Our week started with the rather dreary prospect of the massive Mobil Rincon Oil Facility and therefore we closed our eyes and thought of ... the Rincon valley. To be more precise, we thought of the 93001 Zip Code area (which is more or less the Rincon valley). The amount of detailed information which is available on relatively small areas such as Zip Code areas is astonishing. According to those nice people at city-data.com, 32,898 people live in the Zip Code area in 13,703 houses. 24,545 are white, 444 black, 627 Asian and 513 are native American. The average citizen is just over 35 years old, they live in a 3 bedroom house built in the 1960s which is now worth about $325,000. They own about two and a half vehicles and spend about 25 minutes travelling to work. Of the people living hereabout, some 2,613 classified their ancestries as being English, 531 French, 101 Hungarian, 19 Australian, and 8 Icelandic (there were a lot of others too boring to report).
With my head full of statistics and Amy's tummy full of chicken nuggets, we walked westwards until we reached the City of Carpinteria. "Carpinteria is a coastal community with small town charm valued by visitors and residents alike. Beautiful beaches, breathtaking mountain views, and a diverse economy make Carpinteria a wonderful place to live, work, and play!". So says the City website anyway. I was intrigued by the idea of Carpinteria being a city and tried to find a meaningful definition of city status. I did discover that the city had been incorporated in 1965 and that its claim to fame is that it has "the world's safest beach". This claim has obviously been around for some time as we found a postcard dating back to 1947 which included the phrase.

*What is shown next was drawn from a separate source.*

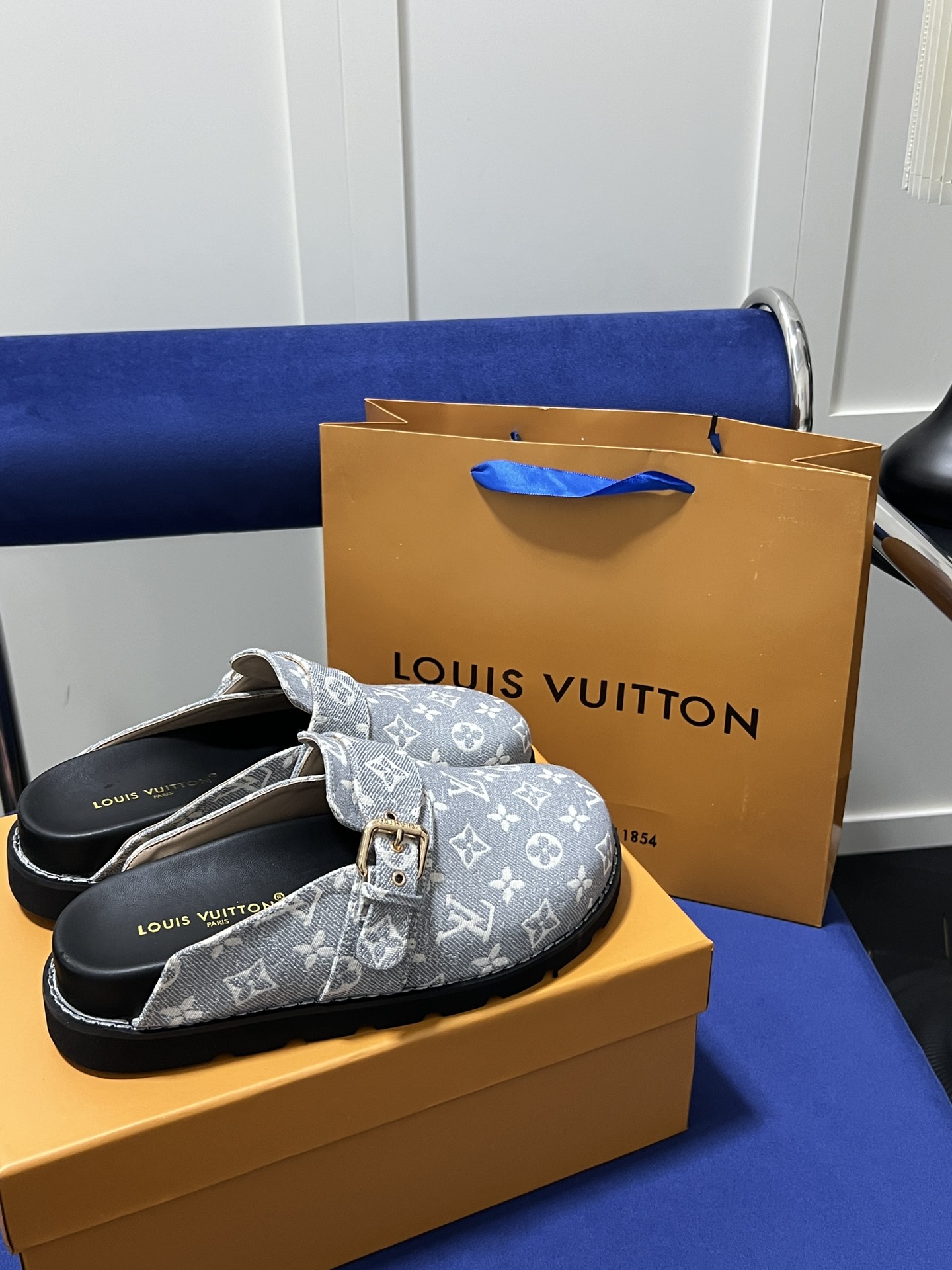 1478-338￥| 46$LV gallery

After Carpinteria if was a pleasant seaside walk through the small towns of Summerland, Sandyland and Montecito towards Santa Barbara. Santa B was an important staging post for a number of reasons. It is the last major town (city) I would be passing through for some time and therefore a chance to stock up on those things that only towns and cities can provide. Also it marked the point at which I would say farewell to the beach and the sea for a good few weeks as I would now head north up Highway 154. It was goodbye also to the spectacular views of the Channel Islands (San Miguel, Santa Rosa and Santa Cruz) which I had been enjoying for the last week or so.
Whilst in Santa Barbara I took a tour of the harbour with Captain Jack in a kayak, took a ride along the sea front in the new electric tram service and had a splendid dinner at the Endless Summer Bar & Cafe. Amy and I also visited the excellent Santa Barbara Museum of Art which has got an exhibition of the work of Mexican artist Rufino Tamayo at the moment. Well worth a look. Dogs are not allowed in the Museum and therefore she had to wait outside but she managed to amuse herself by reading the Santa Barbara Independent. This magazine has a section - The Angry Poodle Blog - which Amy found very amusing but which, I must confess, I had some difficulty understanding. It would seem to be a series of regular features commenting on topical local stories written by dogs. The articles are flanked by adverts for dog obedience classes and firms which guarantee to treat "dog whining" quickly, cheaply and effectively! Amy decided it was time to leave town and head for the hills. I agreed.